They Settled in Montana: Introduction
Congress passed The Free Homestead Act in 1862 during the Presidency of Abraham Lincoln. It was enacted on January 1, 1863. By the 1860's, the Government had begun taking most of what is now the western United States from Indian control. Cities and farmland in the East were becoming overcrowded. The same 1862 Congress had just passed The Pacific Railway Act, which gave grants of public land and Federal bonds to the Union Pacific Railroad Company. In return, the Company constructed a railway from the Missouri River to the Pacific Ocean. Many people, back east and on the frontier, felt that it was high time open the West to settlement. The Homestead Act was based on the belief that all people posess an equal right to land, so long as they are willing to live and work on it. Montana, in 1862, had what seemed like plenty of open space. The Free Homestead Act and the Homestead Acts which followed it affected Montana just as much, if not more, than any other state in the Union.
We have to understand that the land given away by Congress was first taken with force. It is difficult to understand why Congress would remove Native Americans from their homes. If living and working on a piece of land gives someone the legal right to claim that land, then surely the Indians had as much right as anyone else to continue living and working throughout the West. To the people running this country at that time, "working" a piece of land meant, "improving" it. It meant changing the land. One reason that the government may not have recognized the Indian claims to the West is that the Indians had learned to live in the area without physically changing it much. They collected native plants and hunted indigenous animals. Indians did not practice agriculture, as we understand it today. They weren't farmers. By 19th century American standards, they weren't "improving" the land at all. As it turns out, contributing traditional knowledge of Montana's native vegetation may be one of the most important "improvements" possible in the next century.
Let's go back about a hundred years. Around that time a man named John Wesley Powell came to Montana. He was the Director of the newly formed United States Geological Survey. Powell was a well-trained scientist and he studied Montana extensively. Back in Washington DC he made a series of recommendations as to how public lands in Montana should be managed. First of all, Powell recognized (as other people had already done), that Montana does not receive enough rain to practice traditional agriculture across most of the state. He pointed out that twenty inches of annual are necessary to support farms in the area. But even during wet years, most of Montana barely reaches the twenty-inch mark. In some places, the annual rainfall can be as little as four or five inches; hardly enough to support large plantings.

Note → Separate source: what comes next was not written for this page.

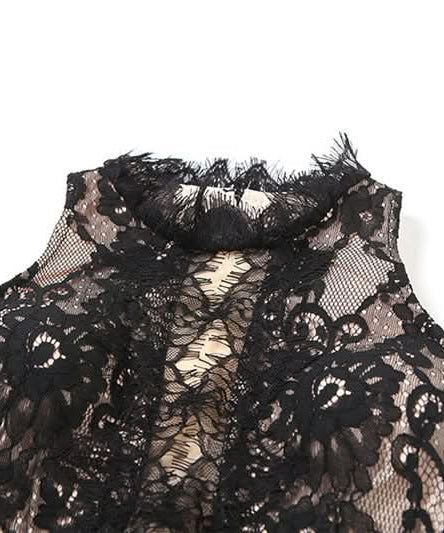 Alluring Black Lace Illusion Midi Dress | Fall & Holiday Soirée Elegance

Powell warned against "crude and careless" farming and grazing methods which he predicted would result in gullying, sheet erosion, alkalization, and blowing of the soil. For the same reasons, he proposed that no fences should be raised in Montana unless maybe they were meant to protect a small house or garden. He suggested that each family settling in the area should have equal access to water. Because people are so spread apart in the West, he also thought that some families should band together voluntarily and form loose communities rather than attempt to establish costly towns or counties. One of his most insightful recommendations was that each family be allowed at least 2,560 acres of land in order to support itself. All in all, John Wesley Powell stated that a Homestead Act should never be applied to Montana. Instead, he proposed that people pool their efforts and work large tracts of land together. Though many people seemed to envision the West as the ideal setting for a new and fair society, a place where all people could have an equal chance at a good life, Powell's work was basically ignored by Congress.